Introduction: Increasing Student Success Beyond the School Day

Published in SEDL Letter Volume XX, Number 2, August 2008, Afterschool, Family, and Community
Even if it doesn’t take a village to rear a child, it may take a village to raise academic achievement. In recent years, researchers have published numerous studies identifying family and community involvement as important factors in student success. Researchers have also been scrutinizing afterschool programs. They have suggested that well-implemented programs can have a positive impact on kids—academically, socially, and emotionally.

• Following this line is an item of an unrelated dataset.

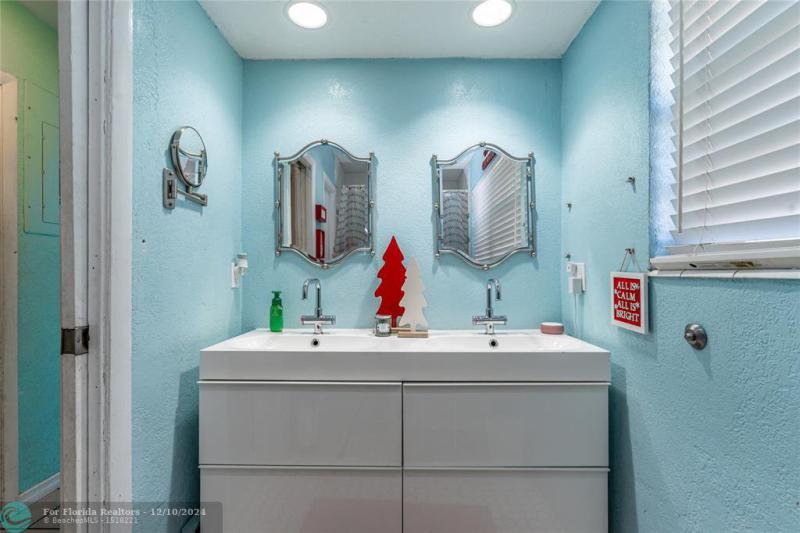  Single Family Homes Photo 9: 4430 NW 25th St  Lauderhill,  FL 33313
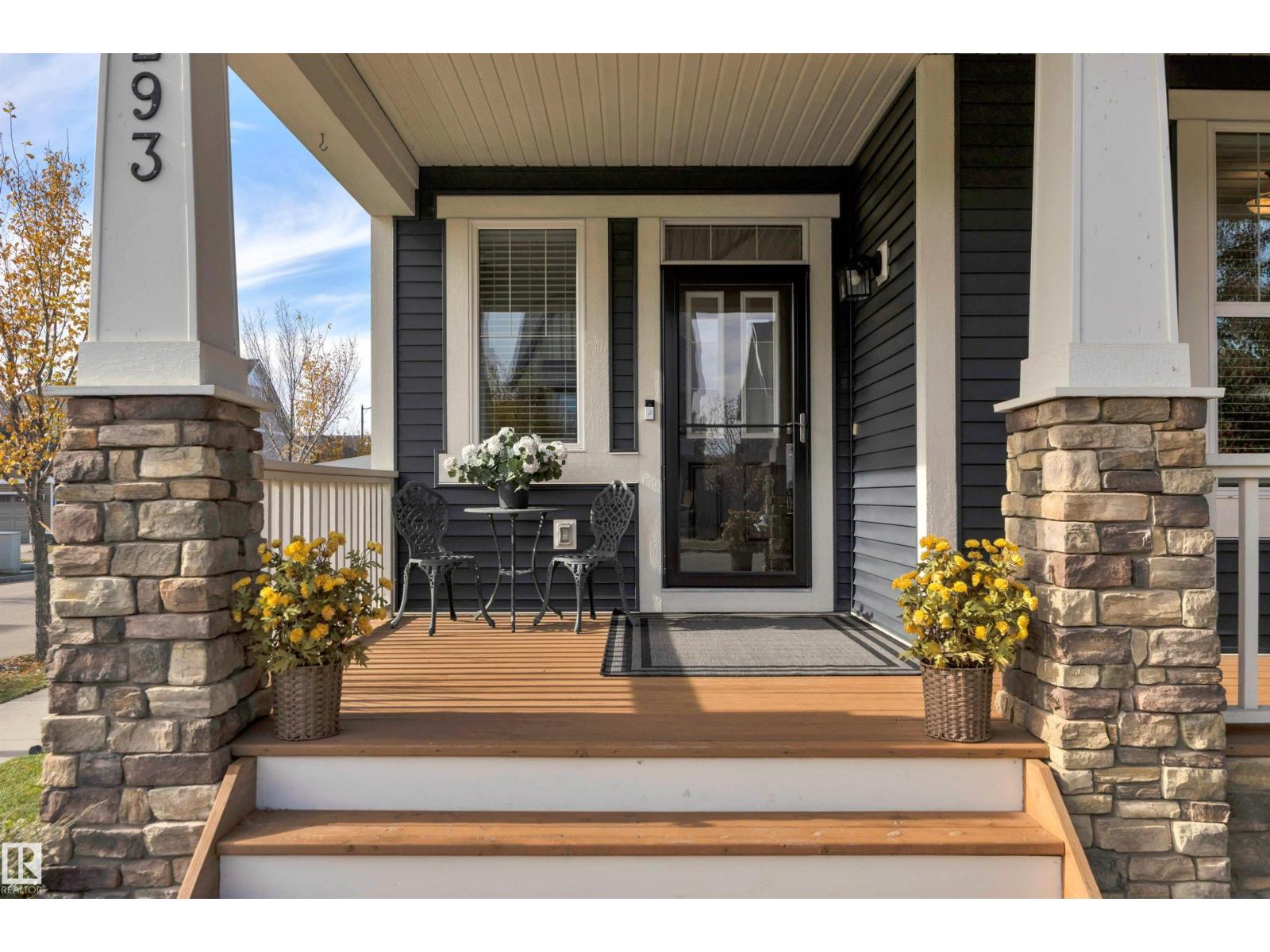 293 Griesbach Rd Nw Property Photo 5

In light of these findings, we have devoted this issue of SEDL Letter to topics centered around afterschool and family and community involvement. We focus on the research, presenting a summary of two systematic reviews—one on afterschool and one on parent involvement—and a summary of a research synthesis on afterschool programs, originally published by the Harvard Family Research Project (HFRP). In the synthesis, HFRP discusses the importance of having well-prepared staff working in afterschool programs. This has been a primary focus of SEDL’s work as the lead organization for the National Partnership for Quality Afterschool Learning, so we also include an article that discusses the Partnership’s approach to staff development.

Because family involvement has proved so important to student outcomes, the U.S. Department of Education has ramped up its support of the Parental Information & Resource Centers (PIRCs) nationwide. In 2006, SEDL and partners—the Harvard Family Research Project and the Miko Group—were awarded a contract to serve as the national coordination center for the PIRCs. In this issue, we have included an article about the PIRC program, looking at how the work and influence of the centers has changed in recent years.

Two other articles in the issue feature examples of how family members and community organizations work with schools in Austin, Texas. Finally, because homework help often has a prominent role in afterschool programs and because it is often the vehicle for parent involvement, we present an article on homework. Written by national homework expert, Dr. Harris Cooper, the article discusses how homework supports student learning and recent research around homework.

As you prepare for the new school year, we hope you will keep in mind the crucial roles that afterschool programs and family and community members can play in improving student achievement. With all of us working together, improved student outcomes can become a reality.